The theme for the third week of Advent is joy. And to be honest, joy is the last thing I feel. In addition to personal challenges, I also feel weighed down by the amount of injustice going on. I could mention a million different issues but the one currently weighing most on my mind is the continued genocide in Palestine.
It boggles my mind how despite the numerous genocides and ethnic cleansings that the world experienced in the 20th century, they continue to occur well into the 21st century with the expressed support of nations that allegedly value democracy, freedom, and justice. There’s not much to feel joyful about. And to be honest that has been the reality for years. I am sure that every year since Advent was created, people could point to horrific occurrences that made the gospel a bit more difficult to hold onto.
So what are we Christians to do with joy amid such sorrow? First, it’s ok to not feel any hint of joy at all. Especially if you and your loved ones are going through significant sorrow- loved ones who have died, jobs lost, violence suffered, etc. Take this time to mourn and be honest about one’s struggles, God can handle it.
Additionally, I do think that Western Christians should take seriously the fact that in Bethlehem, Palestinian Christians have canceled Christmas. It makes sense: how can there be Christmas amid a massacre that the majority of the world powers have averted their eyes from?
For me, joy during this period doesn’t look like stereotypical depictions of joy: lots of presents, attending parades, and watching holiday movies. At this point in my life, joy isn’t tied to outward expressions of jubilee. Instead, right now, the few moments I can grasp onto any inkling of joy are tied to my faith. A faith that sings with Mary of a God who rips the powerful from their throne and rises up the lowly, that cares for the hungry and sees the rich denied. A faith that says: God isn’t up there in the clouds somewhere but is here with us: is here with those of us struggling to find jobs, is here with those grieving the deaths of loved ones, is in Gaza in the rumble and destruction.
I know I am not alone in forgoing the festive nature of the upcoming holiday. For many of us, any expression of joy feels foreign during this time. And it feels as if we will never experience joy again. That is valid. Let us remember that this lack of expressing joy is not evidence of a lack of faith. It is an acknowledgment of the reality of the world in which we find ourselves.

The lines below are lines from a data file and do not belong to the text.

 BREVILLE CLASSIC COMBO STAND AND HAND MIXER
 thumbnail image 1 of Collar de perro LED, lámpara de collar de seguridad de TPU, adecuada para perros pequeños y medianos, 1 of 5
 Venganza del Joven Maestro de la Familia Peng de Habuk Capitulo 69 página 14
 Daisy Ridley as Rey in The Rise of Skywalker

And yet faith can be found in the midst of despair. Faith says, that we may not be experiencing joy now, but we trust that God journeys with all of us suffering. Faith says that even in light of the horrific amount of injustice we will continue to work to bring peace and justice. Faith says we know that we do not do this work alone: God is with us. Faith says we are going to keep moving forward, keep putting one step in front of the other, and keep agitating for things to change. Faith says that we serve a God who can and will turn the world upside down.

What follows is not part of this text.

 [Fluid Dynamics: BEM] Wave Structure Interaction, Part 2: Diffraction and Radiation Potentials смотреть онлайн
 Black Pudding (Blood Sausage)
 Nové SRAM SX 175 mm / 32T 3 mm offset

Mary, in Luke, is pregnant and unmarried. Her world has been turned upside down. She must have been scared and uncertain of the future. She is living under the occupation of the violent and oppressive Roman Empire. And yet she still utters a song of triumph and victory.
Most of us aren’t in a place of triumphantly shouting for victory, maybe the best we can do is whisper our hopes for a world where violence and injustice are no more. Maybe we can’t muster up even a drop of joy. That is ok. We can still hold onto the hope of future joy. We can still hold onto the hope of a God who will work with us to put an end to injustice and violence. For this Advent, that is enough.
Image: Grey wall as the background. Text: Most of us aren’t in a place of triumphantly shouting for victory...that is ok. We can still hold onto the hope of future joy. We can still hold onto the hope of a God who will work with us to put an end to injustice and violence. For this Advent, that is enough.